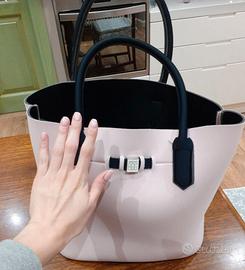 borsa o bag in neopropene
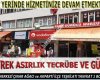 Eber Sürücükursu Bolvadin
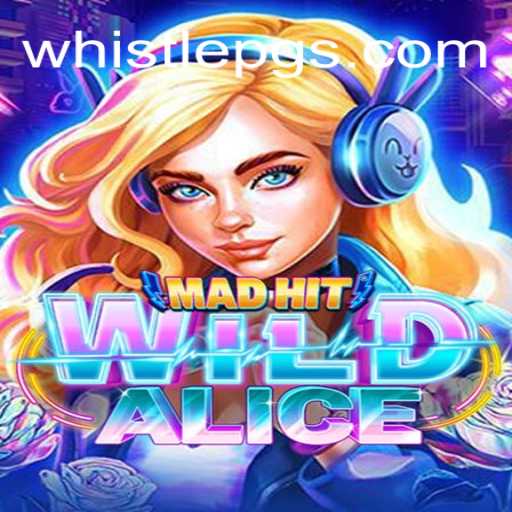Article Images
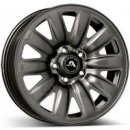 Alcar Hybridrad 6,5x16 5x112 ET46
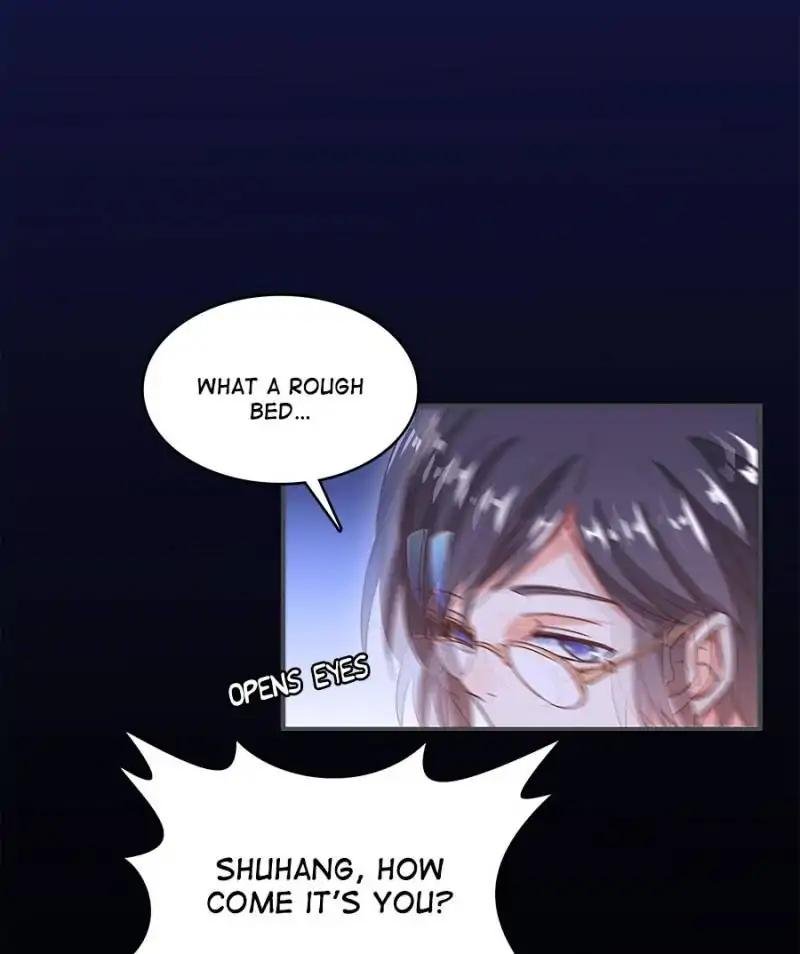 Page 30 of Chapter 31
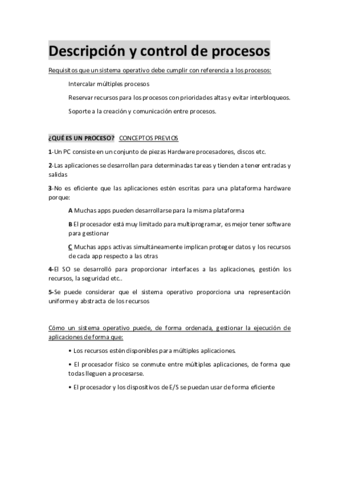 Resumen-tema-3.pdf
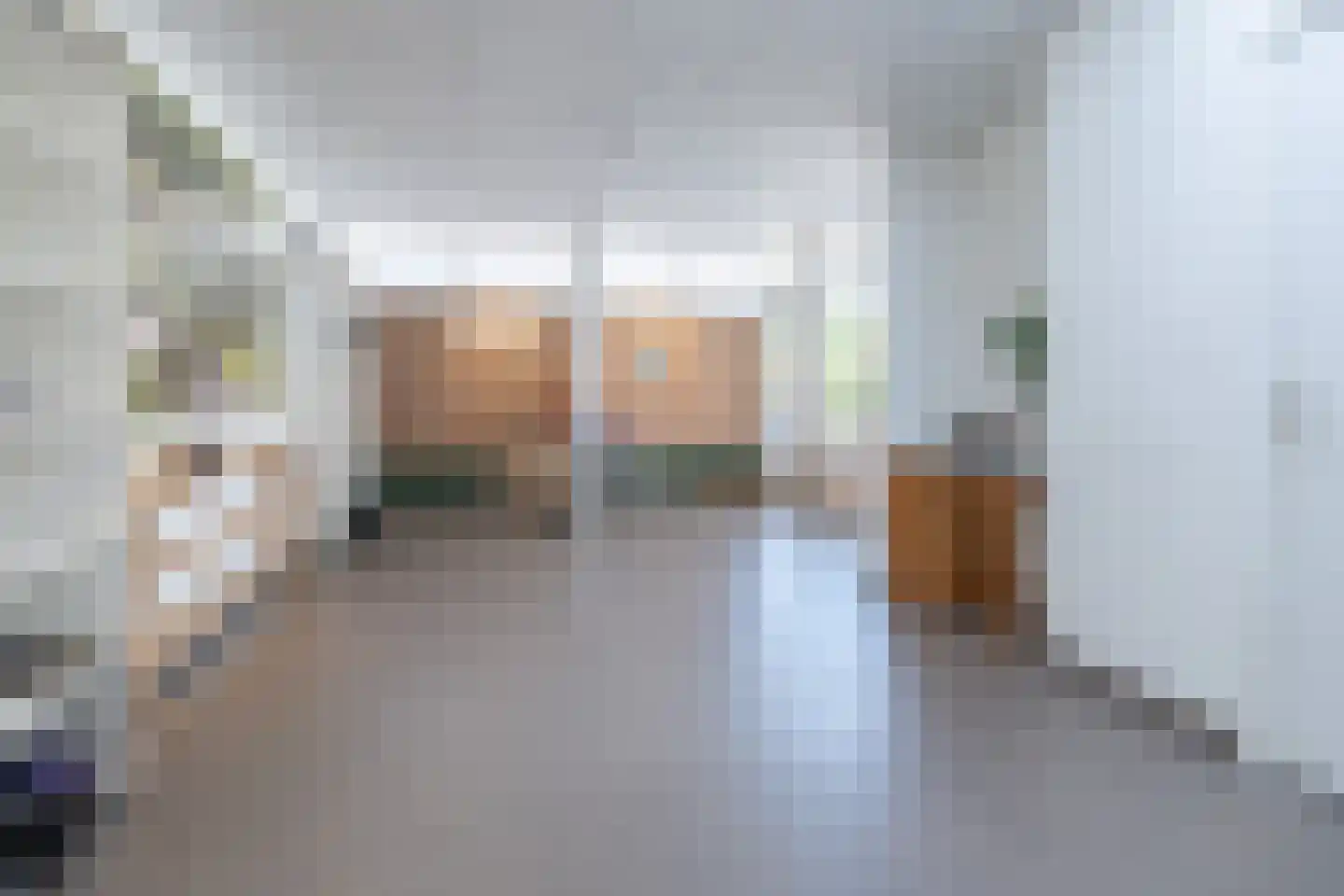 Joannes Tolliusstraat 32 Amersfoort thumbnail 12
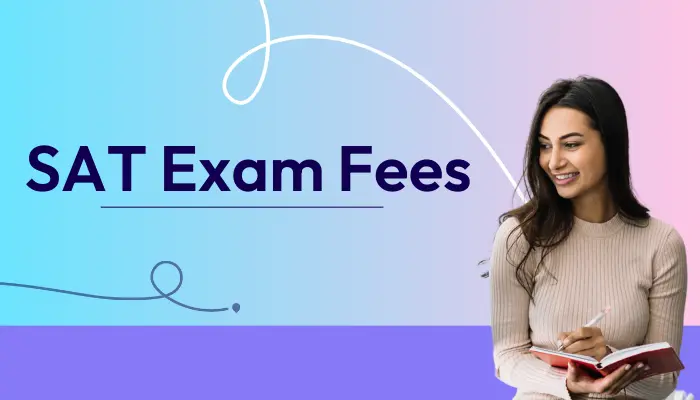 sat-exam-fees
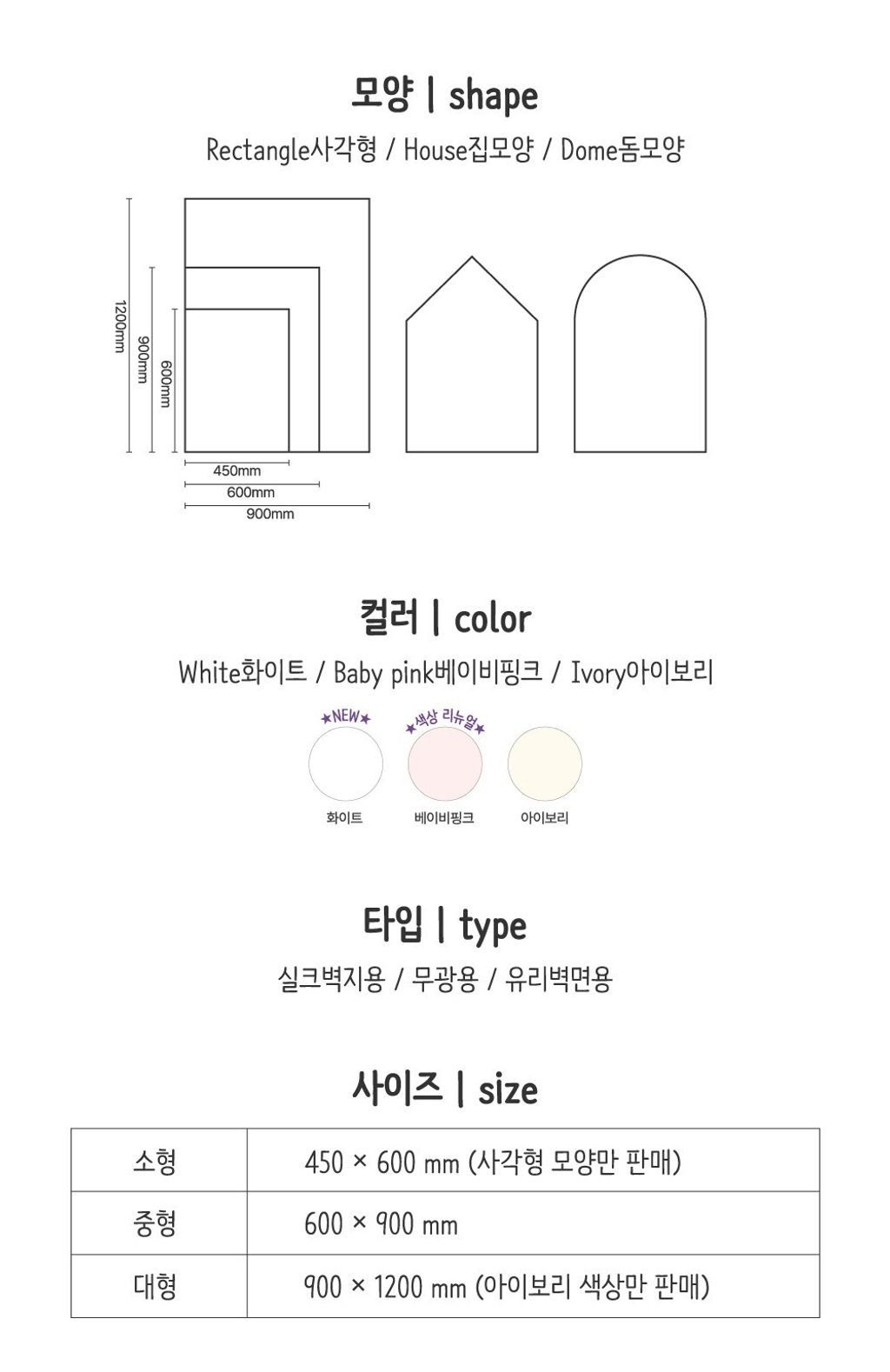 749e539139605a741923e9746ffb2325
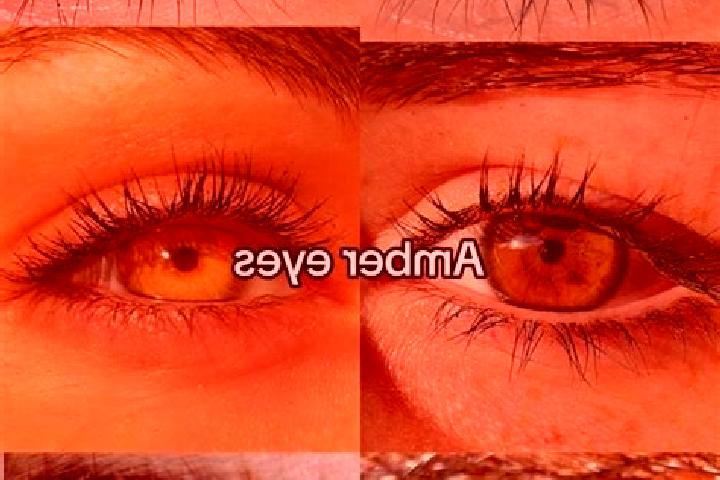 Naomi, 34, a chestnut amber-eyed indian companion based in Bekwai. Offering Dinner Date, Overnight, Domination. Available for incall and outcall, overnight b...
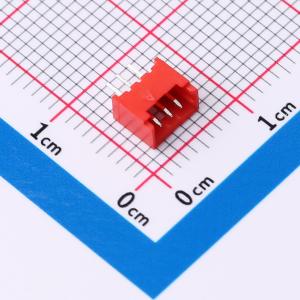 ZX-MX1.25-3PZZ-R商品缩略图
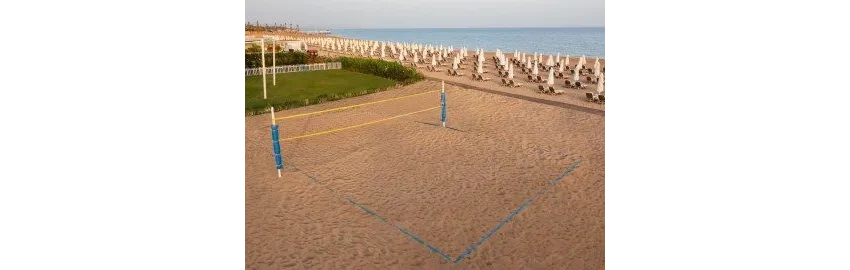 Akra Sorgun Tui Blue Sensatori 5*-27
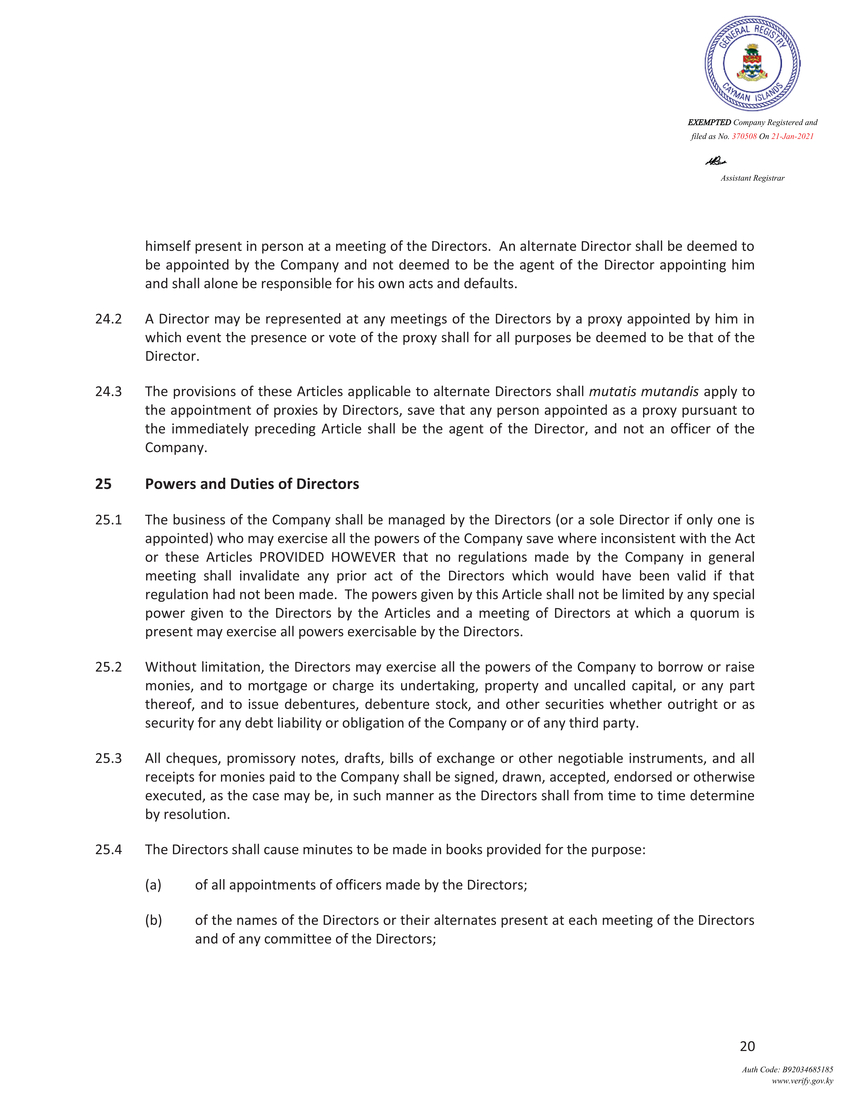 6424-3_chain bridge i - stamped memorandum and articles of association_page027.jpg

● **ABOUT THIS TASK**
Going back to the data above, write out everything from the line with "Eber Sürücükursu Bolvadin" down to the line with "Akra Sorgun Tui Blue Sensatori 5*-27", both included, leaving every picture out.

● **EXPECTED ANSWER**
 Eber Sürücükursu Bolvadin
Article Images
 Alcar Hybridrad 6,5x16 5x112 ET46
 Page 30 of Chapter 31
 Resumen-tema-3.pdf
 Joannes Tolliusstraat 32 Amersfoort thumbnail 12
 sat-exam-fees
 749e539139605a741923e9746ffb2325
 Naomi, 34, a chestnut amber-eyed indian companion based in Bekwai. Offering Dinner Date, Overnight, Domination. Available for incall and outcall, overnight b...
 ZX-MX1.25-3PZZ-R商品缩略图
 Akra Sorgun Tui Blue Sensatori 5*-27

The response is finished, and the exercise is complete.